I've wondered before how true a sociological study Borat's comedy really is. It's often hailed as a sort of muckraking, uncovering America's racist underside. It's hilarious and un-PC to boot.
(For those of you who've been living under rocks the past month, Borat is a kind of reality-show comedian. Pretending to be a journalist from Kazakhstan, he says outrageous things -- anti-Semitic and misogynist, mostly -- and gets other to react. Often, the funniest skits are when people agree with him.)
Borat's most notorious skit was when he got a group of rural Southerners to sing along to "Throw the Jew Down the Well," a country song he wrote. I've wondered how selective the camera work was (some members of the crowd cheer while a few have quizzical looks as it is), and how much the audience's reaction was simply alcohol. It certainly says something about anti-Semitism, but I'm not sure to what degree.
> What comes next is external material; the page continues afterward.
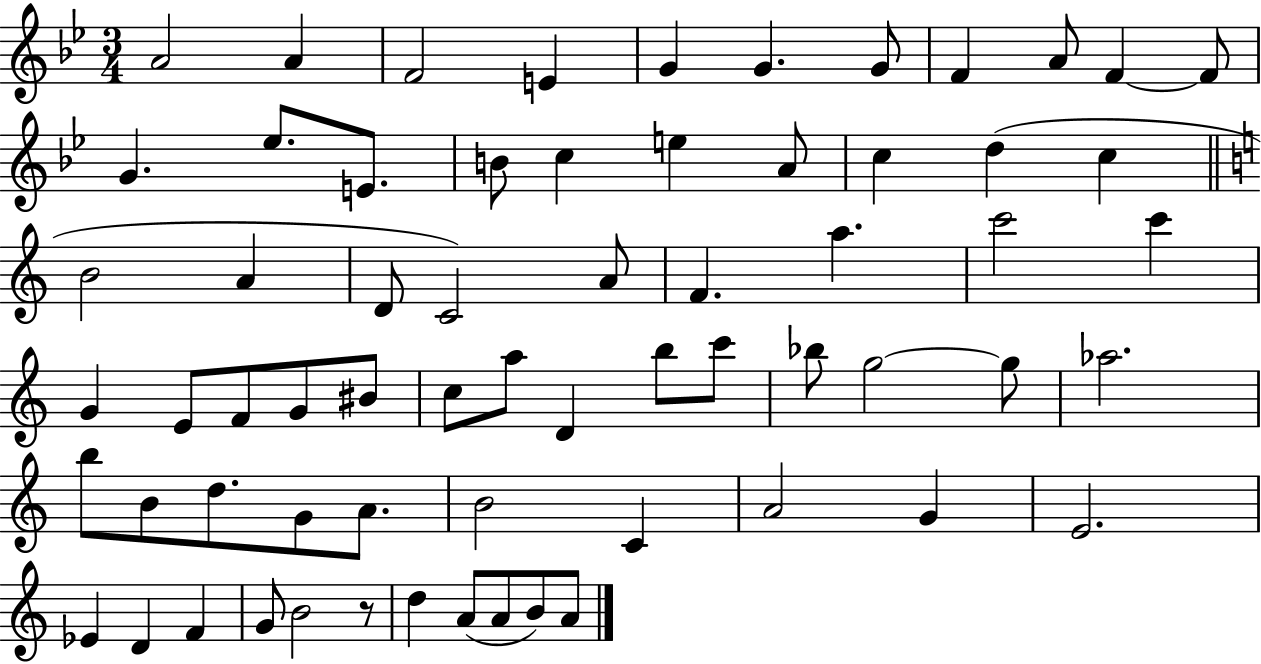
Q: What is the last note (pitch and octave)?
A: A4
The point implied, that Southerners in particular hate Jews, is also suspect. I bet you could get inner city blacks to sing along if you set it to rap music (they don't seem to like middleman minorities much either, though they're not acceptable targets for ridicule like Southerners are), but Borat isn't as interested in making urban people look stupid. In his new movie, the closest he comes is kissing New Yorkers and watching them threaten him.
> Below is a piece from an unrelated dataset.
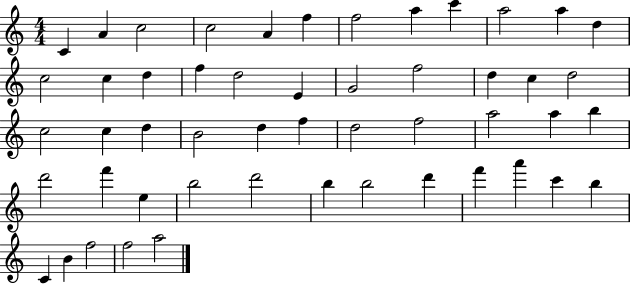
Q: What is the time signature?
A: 4/4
In the last week, two lawsuits have indicated how unrealistic Borat's movie ("Throw the Jew" was part of a TV show, not the new movie) really is. First, a group of frat boys sued, alleging that Borat's team told them (A) the movie wouldn't be shown in the U.S. and (B) to drink as much as possible. They appear pretty dumb and pretty inebriated, at one point lamenting the end of slavery.
Now, villagers shown in the film, including a man with one arm, finally realized how they were portrayed. The story is worth quoting at length:
"But now the villagers of this tiny, close-knit community have angrily accused the comedian of exploiting them, after discovering his new blockbuster film portrays them as a backward group of rapists, abortionists and prostitutes, who happily engage in casual incest.
"They claim film-makers lied to them about the true nature of the project, which they believed would be a documentary about their hardship, rather than a comedy mocking their poverty and isolation.
"Villagers say they were paid just £3 each for this humiliation, for a film that took around £27 million at the worldwide box office in its first week of release."
Is not nice. Is over the line, in fact.